Some industry players also see the $70 million acquisition of Jabong as the beginning of consolidation in the growing online fashion space, which, currently has several platforms vying for a share of customers’ wallet. These include horizontal platforms such as Amazon and Snapdeal as well as vertical players such as Limeroad, Voonik, and traditional retail operators such as Aditya Birla Group’s Abof, Tata Group’s Cliq, and Reliance Industries’ Ajio, among others.
“We expect major players to keep acquiring niche and smaller players to expand into more product categories, demographics and geographies, and add new functionalities to their offerings,” says Shen.

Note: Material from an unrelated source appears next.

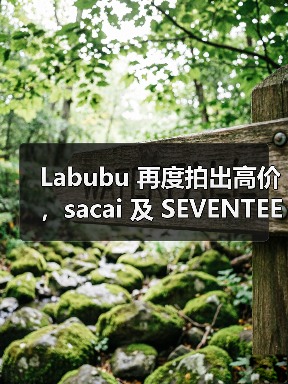 Labubu 再度拍出高价，sacai 及 SEVENTEEN 双重加持（图1）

Sujayath Ali, founder of fashion marketplace Voonik, sees the development as a lost opportunity for traditional retailers. “It’s an opportunity lost for the likes of Birla, Reliance and Tata. They could have got it (Jabong) cheaper and hit the e-commerce ground running,” says Ali, adding that even as its unit economics is not so good, “Jabong as a brand has a good recall and is associated with good customer experience.”
Jabong and Myntra’s rival StalkBuyLove founder Tushar Ahluwalia says the deal underscores the importance of profitability in India. According to him, the message that goes out to entrepreneurs from the development is that they need to build businesses that have robust bottom-line. “Profits in India are strategically more important than profits in the west,” he says, adding that “In order to avoid falling into a discounting-growth-valuation trap, it is important that you solve meaningful problems that money can’t buy.”